Tuesday, November 13, 2018, 12:37


Bleeds mean areas located at the very edge, that go beyond the line of cutting. This area usual is about 2 mm long, and is necessary, so the process of trimming (cutting out) wont leave white margins on the edge.

Like in any other type of professional equipment, the cutters and trimmers have decreasing in time accuracy, usually specified by the producer. This is due to thickness of the blade (which does not equal zero). Therefore, the area of the printed paper which will be trimmed is usually slightly wider then line drawn on the image.

Another cause of this inaccuracy is the lack of precision of printing presses. The position of the trimming line is usually given as its distance from the edge of the sheet.

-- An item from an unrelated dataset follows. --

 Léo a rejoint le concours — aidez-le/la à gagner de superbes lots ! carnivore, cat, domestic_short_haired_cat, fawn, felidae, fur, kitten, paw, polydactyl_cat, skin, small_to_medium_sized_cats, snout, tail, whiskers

If, in the process of printing said distance would slightly change, the knife may or may not (and usually will not) hit precisely the place it should.

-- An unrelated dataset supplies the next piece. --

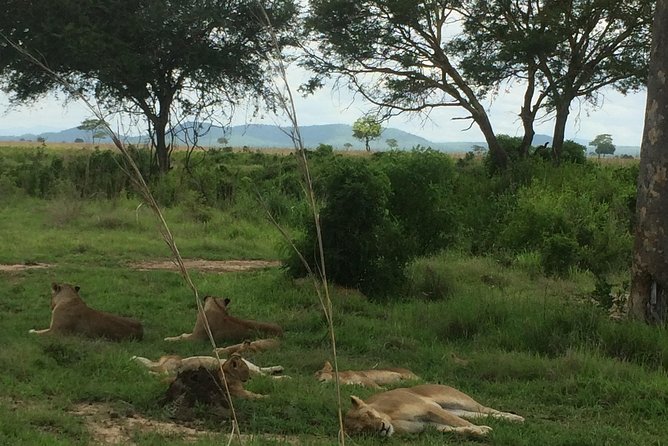 A day trip to mikumi from morogoro - What the private safari format changes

What then? If the is no bleed on the image, and the knife have trimmed on the area beyond the margins, there will be a thick white line, which will contrast with colored image in a unsightly manner.

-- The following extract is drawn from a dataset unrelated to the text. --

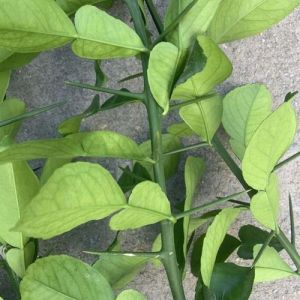 乔迁新居洗澡之谜：好运还是霉运？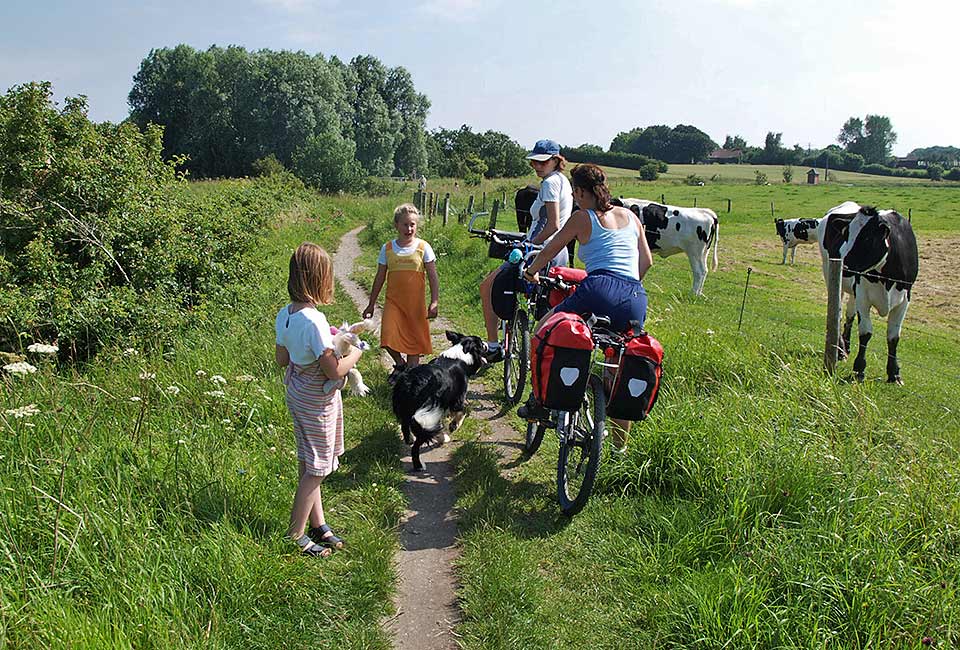 Zwischen Kindern und Kühen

It’s always good to keep in mind those additional two millimeters on each side of your image. It should be noted, that 2 mm bleeds are not a part of given image, but the elements that will stick out beyond the area of use. That means we wont get a proper bleed by just up scaling the whole image. In modern graphic software, option to add proper bleeds is usually automatic, just remember about selecting the appropriate option while exporting a file.